- Available data:
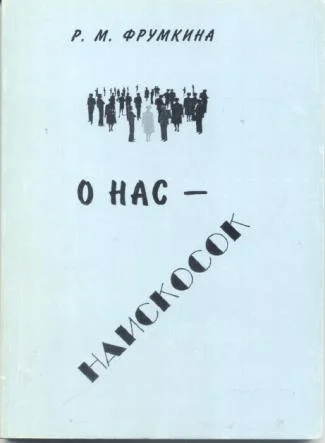 Обложка О нас – наискосок
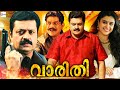 Malayalam Full Movie | Suresh Gopi, Sangita Madhavan | Malayalam movie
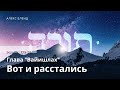 04. Недельная глава Ваишлах. Вот и расстались. Берешит 33:5-20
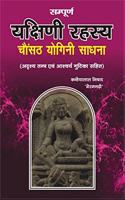 Sampuran Yakshini Rahasya Chanusath Yogini Sadhana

- Action item:
Omit the pictures and repeat the rest of the listing verbatim.

- Your solution:
 Обложка О нас – наискосок
 Malayalam Full Movie | Suresh Gopi, Sangita Madhavan | Malayalam movie
 04. Недельная глава Ваишлах. Вот и расстались. Берешит 33:5-20
 Sampuran Yakshini Rahasya Chanusath Yogini Sadhana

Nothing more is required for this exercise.